*Directions for this task*
Exact copy, no pictures: restate each entry below word for word.

(Records)

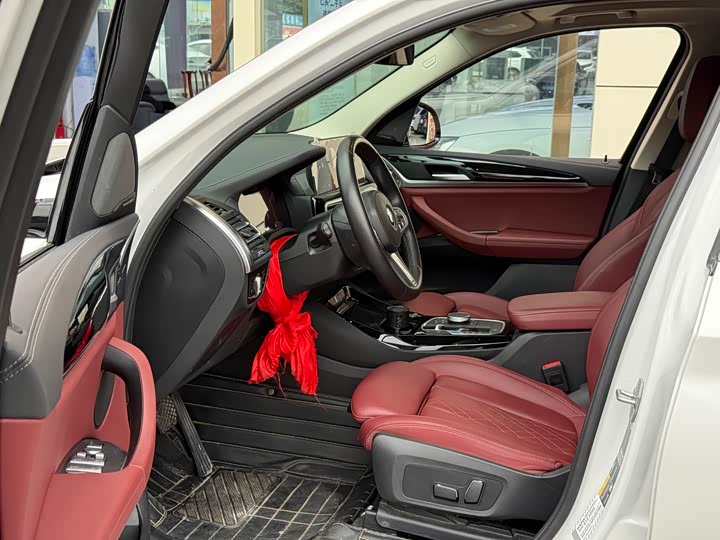 Фото 3 - BMW iX3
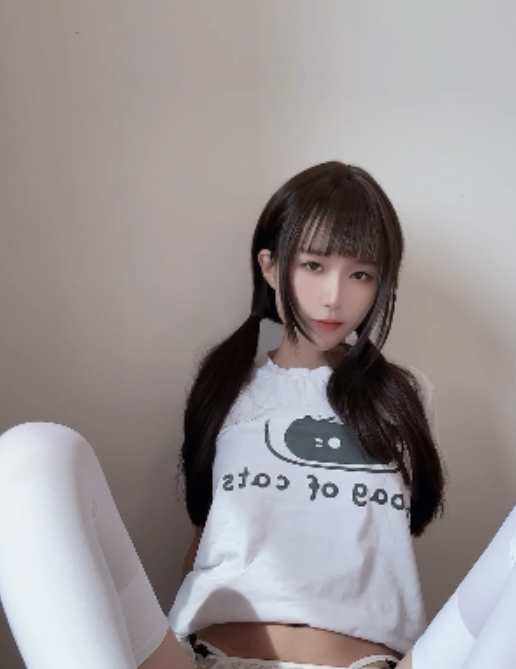 转载搬运推特网红布丁大法新作猫爪印，74张图片，490MB，百度盘下载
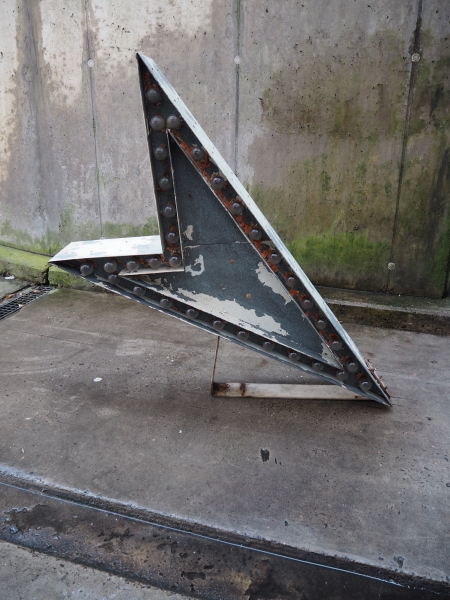 Vintage lighted double sided arrow sign from a car dealership - US Import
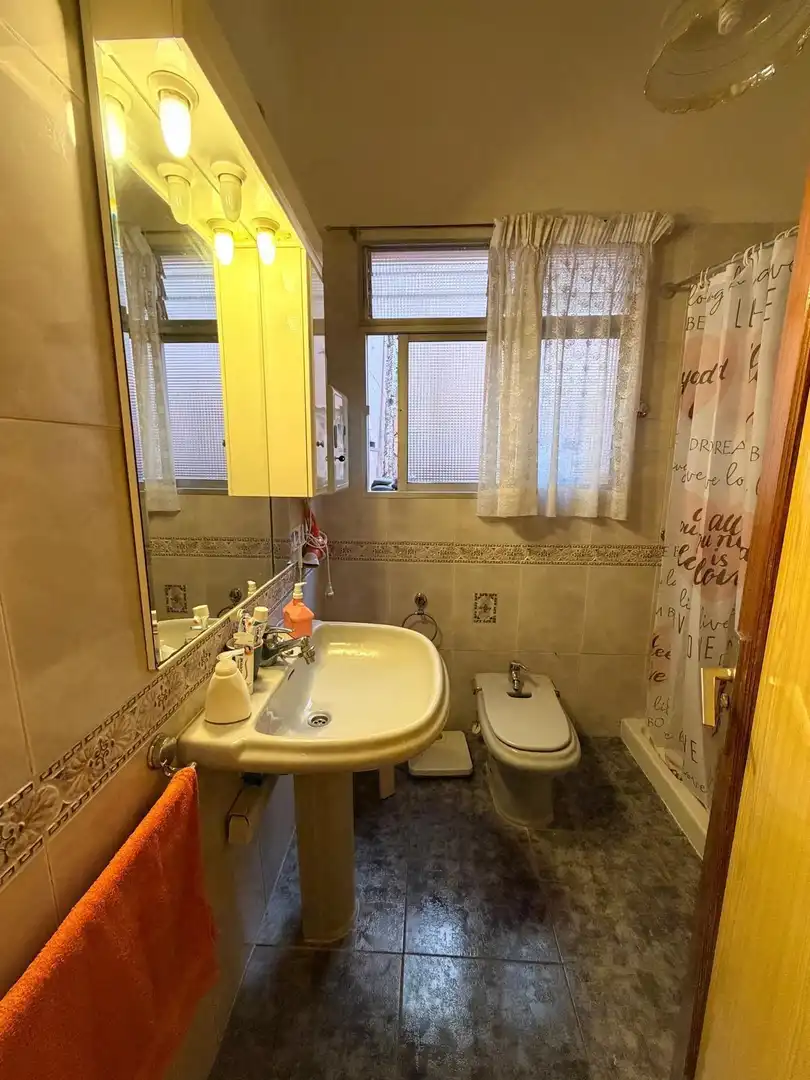 Badezimmer von Wohnung zum Verkauf in Santa Cruz de Tenerife mit Klimaanlage, Terrasse und Möbliert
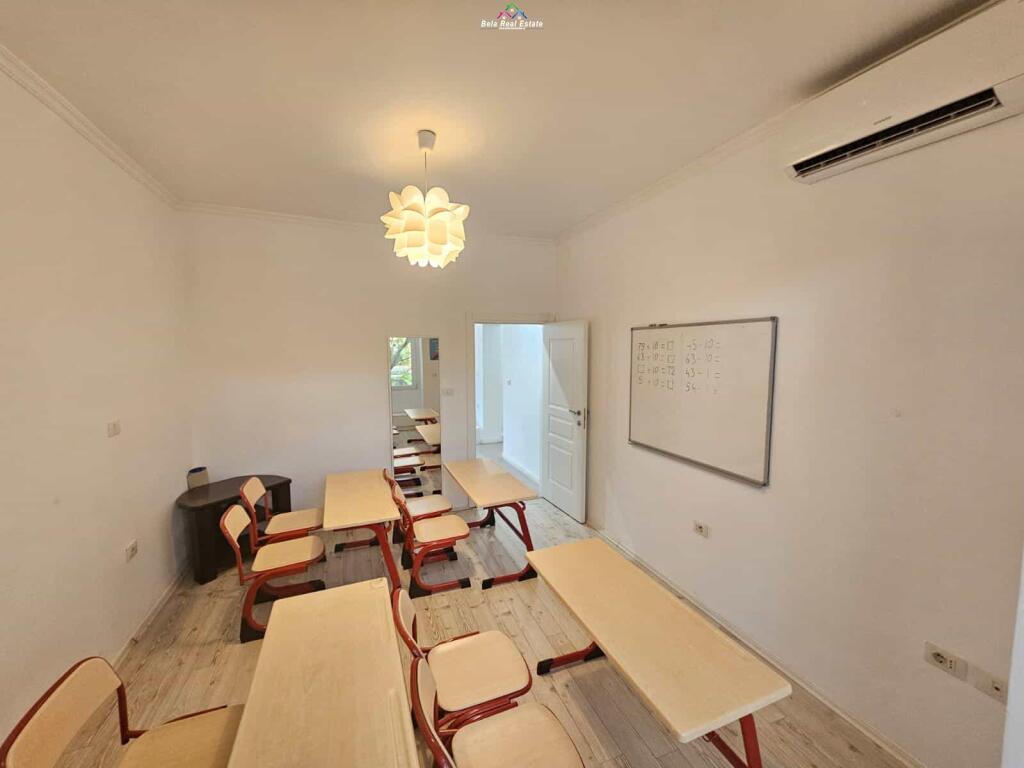 Ufficio in affitto 3+1 a 21 Dhjetori (ID BZ2654) Tirane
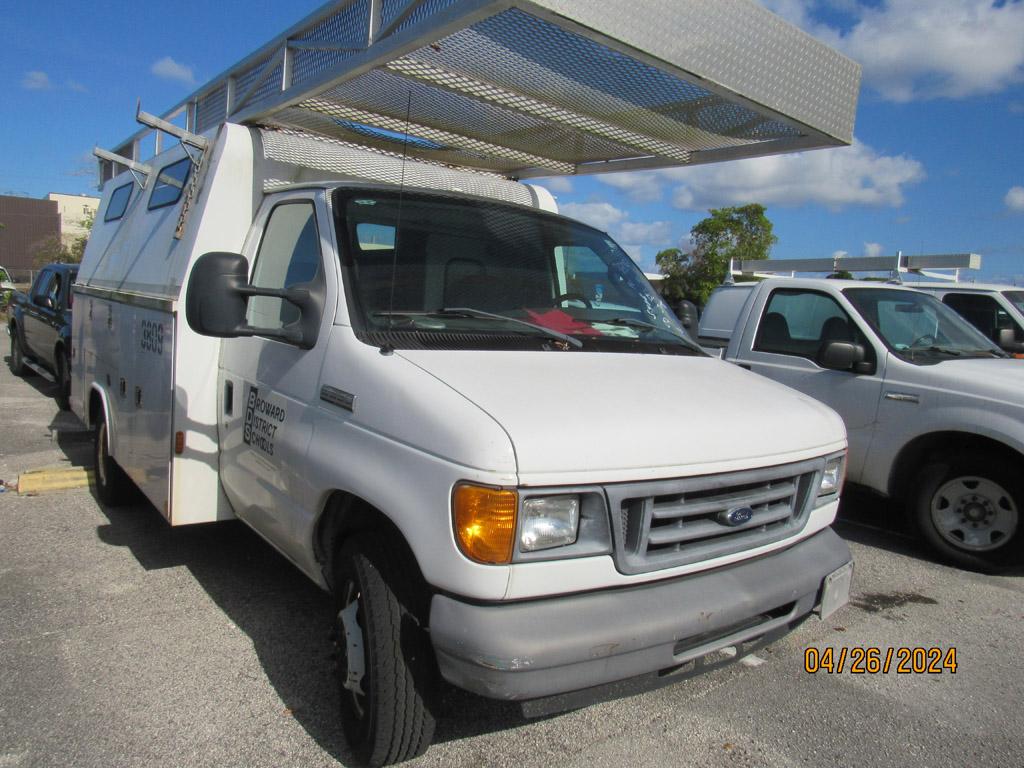 2007 Ford E-350 Cab & Chassis Cutaway Utility Truck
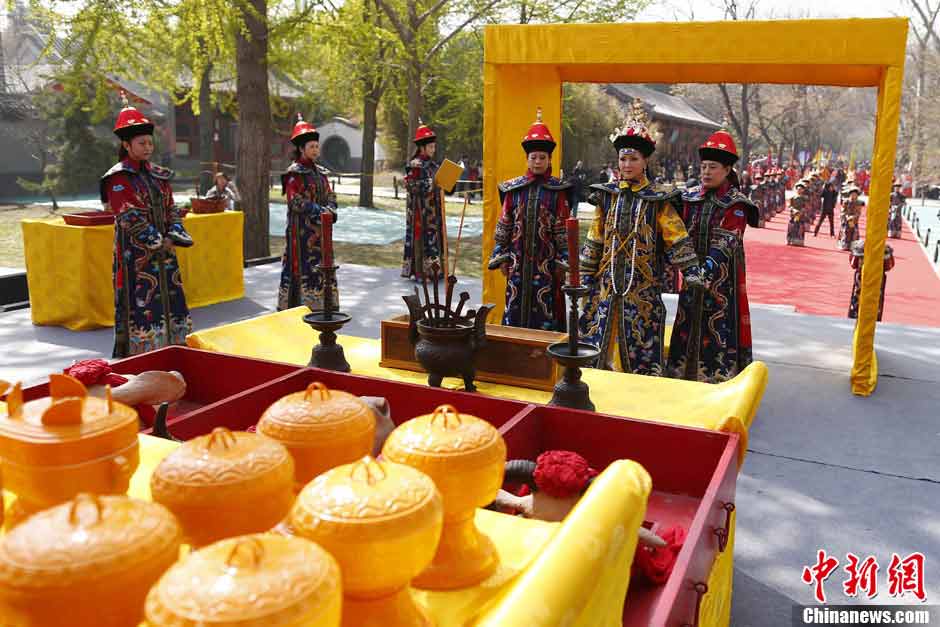 The sacrificial rite dedicated to the Goddess of Silkworm is held in Beihai Park in Beijing. It's the highest state sacrificial rite held by queens in Qing dynasty. The persons who offer and receive sacrifices were all female, which was rare in the feudal society. (ecns.cn)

(End Records)

*Solution*
 Фото 3 - BMW iX3
 转载搬运推特网红布丁大法新作猫爪印，74张图片，490MB，百度盘下载
 Vintage lighted double sided arrow sign from a car dealership - US Import
 Badezimmer von Wohnung zum Verkauf in Santa Cruz de Tenerife mit Klimaanlage, Terrasse und Möbliert
 Ufficio in affitto 3+1 a 21 Dhjetori (ID BZ2654) Tirane
 2007 Ford E-350 Cab & Chassis Cutaway Utility Truck
 The sacrificial rite dedicated to the Goddess of Silkworm is held in Beihai Park in Beijing. It's the highest state sacrificial rite held by queens in Qing dynasty. The persons who offer and receive sacrifices were all female, which was rare in the feudal society. (ecns.cn)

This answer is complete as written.